Wednesday, April 6, 2016

IT'S ABOUT TIME

Downtown, in Little Tokyo, there are metal bands embedded in the sidewalk which tell you what businesses used to occupy the various storefronts and restaurants. I'm always moved by this keeping track of the past and commemorating those who have gone before. I wish we did this all over the city. While I know some Los Angeles history nuts who can tell you what stood at the corner of Third and Fairfax forty years ago, brass bands in the sidewalk would be a lot more available. 
     I thought of this because I saw a photo of 72nd Street and Broadway in New York as it is now. I lived in that neighborhood but haven't been there in years and I was surprised to see a new-ish tall apartment building on the corner. It gave me pause  -- where had the Embassy movie theatre gone, the place where I had first seen Jules and Jim? And the other relatively low buildings that once made up that corner? An old story, of course - the city built and rebuilt again and again.  
     That started me thinking about time, about my wanting to hold on to my particular time and the memories it's given me. But what difference does it make that the corner of 72nd and Broadway no longer looks the way it did when I was last there, the way I remember?  I have the picture of the Embassy marquee in my mind and actual change on the streets of New York can't take that away. It's as real to me as the bricks used to build that new apartment building.
     I was in danger of getting lost in the impossibly complicated subject of time and memory, when for no reason I can see, I thought about the many early peoples who didn't see time in the way we understand it. They lived with the cycles of their myths and the seasons, and each cycle gave birth to a new cycle, just the same. Time was circular, endlessly recurring. To understand time as we do, as linear, creating history, is a more recent view.
     Again, for no reason I could trace, I remembered the movie, Groundhog Day, which I can see again and again.There are many reasons to love it, but not the least is the way it taps into our conflicting feelings about time. We all know what it's like to want a particular good time to last forever. "Stay, moment, thou art so fair." But we also sense that it would be hell to be doomed to live in endless repetition. That's what happens to Bill Murray who finally in despair at his repetitive days tries to kill himself. He's hit bottom and then begins to change, becoming kind and happily part of the town community.

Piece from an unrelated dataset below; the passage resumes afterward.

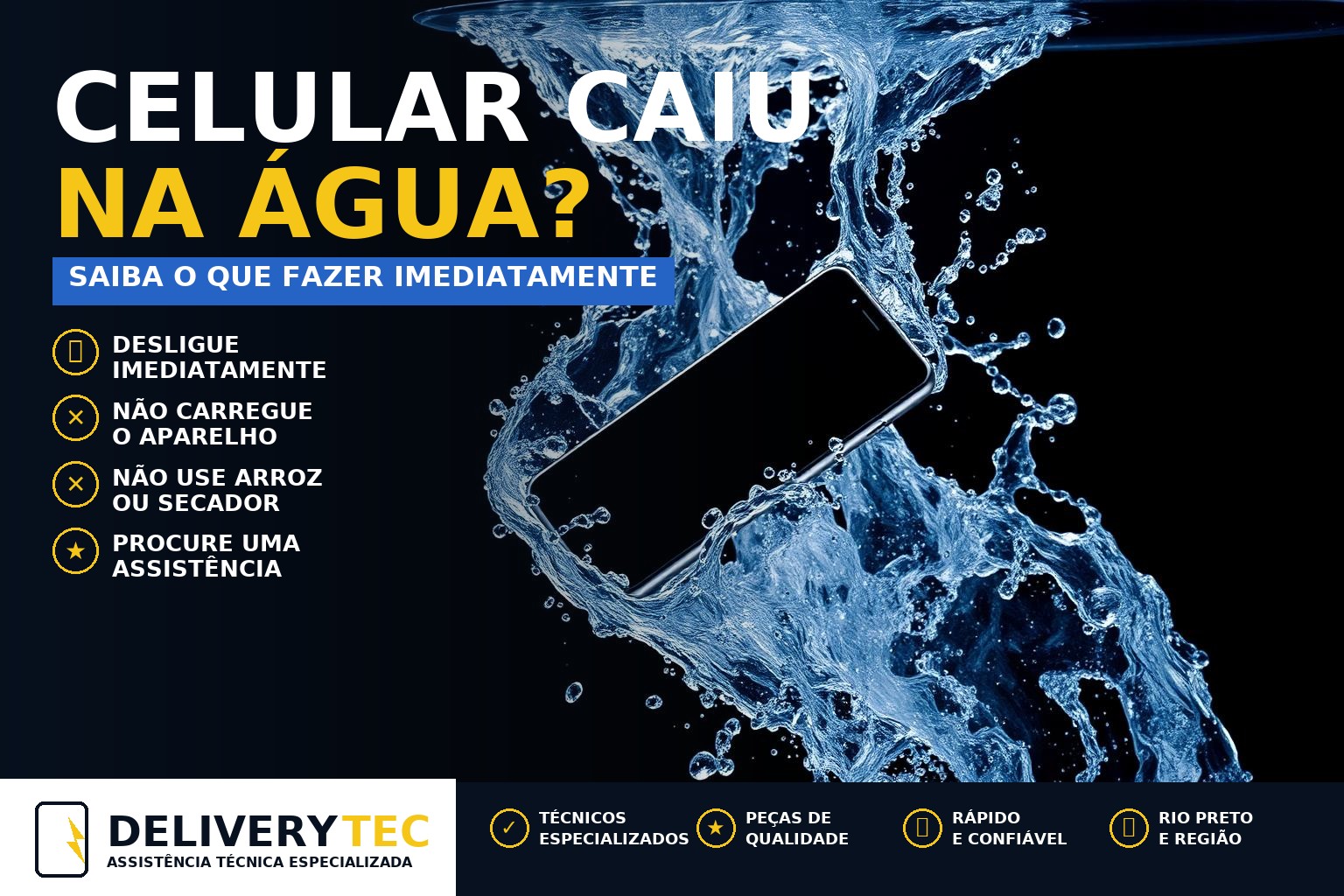 Celular caiu na água? Saiba o que fazer imediatamente e evite prejuízos — ilustração do artigo da Delivery Tec, assistência técnica de celular em São José do Rio Preto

His days begin to vary and that variety is his reward, until his transformation is complete and time can begin again.  
     Time and memory and movement... I want it all, sometimes for time to slow down and even stop, and sometimes to speed up and carry me forward into the new. This morning, I thought, well, Einstein had something original to say about time, but I don't, and then I thought that isn't exactly true. I have what we all have, my own particular, original memories and the connections they make, a sense of the flow of time, and how time and memory are constantly flowing though my consciousness. They're what give me my sense of myself.
      And having said that, it comes to me where all this interesting thinking about time has been leading me - back to where I am, the present moment, breathing in and out.